As with most Artspace shows, 101 Dresses is notable for the way it tarts up conceptual and intellectual depth in an approachable and engaging fashion.

"The most exciting part is that people are relating to it. When we had the opening, everybody was smiling. It was like a Happening from the 1960's and 70's where there was all this energy from making things and creating environments," says Lindroth. Dresses, she notes, are something that everybody knows and understands. "There's something about this show that is universal. You don't get a lot of shows that just anybody can walk in off the street and figure out and this show did that."

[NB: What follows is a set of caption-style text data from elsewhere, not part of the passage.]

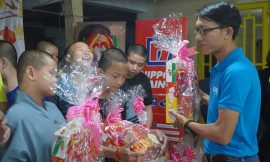 Trao quà Tết cho trẻ mồ côi ở chùa Từ Hạnh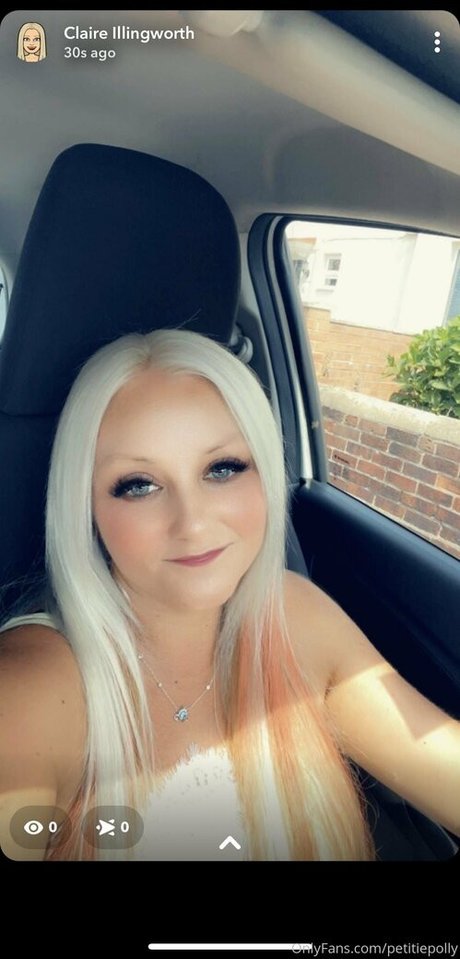 petitiepolly model sexy image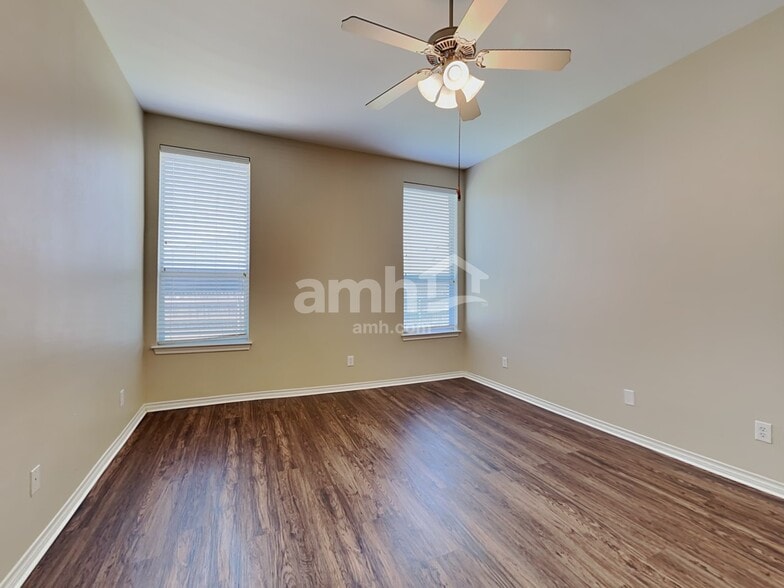 Building Photo - 3013 Lake Side Dr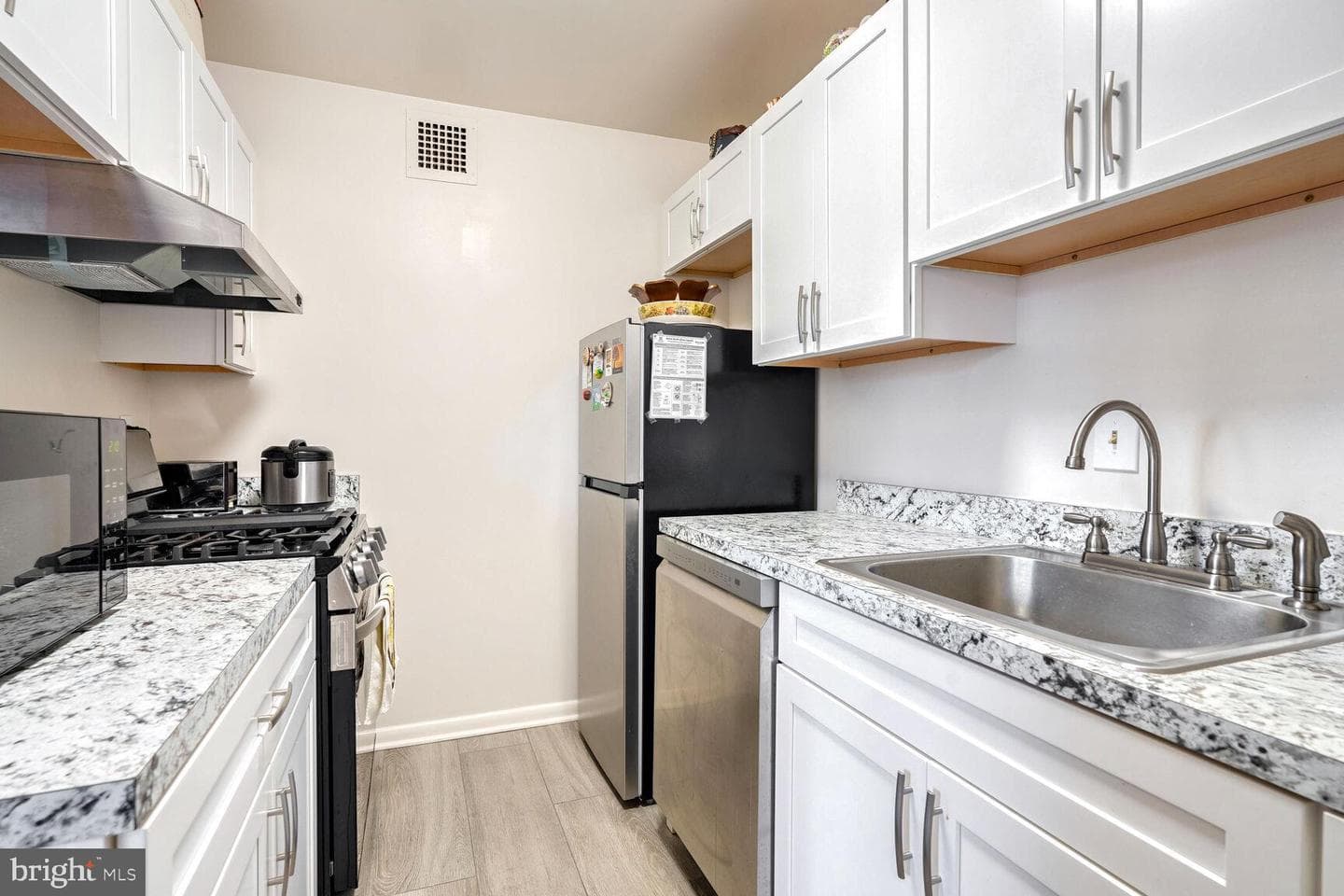 4390 Lorcom Lane #g3 photo 11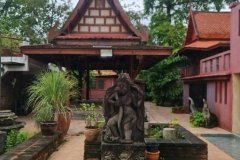 ขายที่ดินสายไหม พร้อมบ้านเรือนไทยและสระน้ำ ที่ดินผืนสวย บรรยากาศร่มรื่น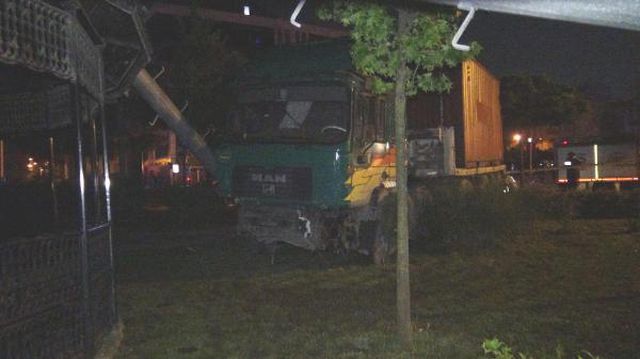 freni bosalan tir park halindeki 6 otomobil i 8 14224379 o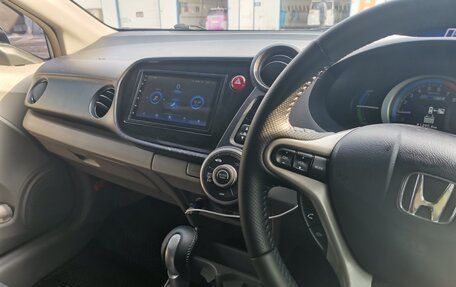 Honda Insight II рестайлинг, 2009 год, 790 000 рублей, 9 фотография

This Saturday, June 16, in conjunction with 101 Dresses and as part of the Village of Villages and the International Festival of Arts and Ideas, there will be a fashion show by Artspace Teen Docents at 2:40 p.m. on the New Haven Green. It will be followed at 3 p.m. by a talk at Artspace by Helena Estes, daughter of The Hundred Dresses author Eleanor Estes. Curators Lindroth and Markonish worked with Helena Estes from the beginning, Linda Lindroth says, "to make sure this show was inspired by her mother's book but not about the book."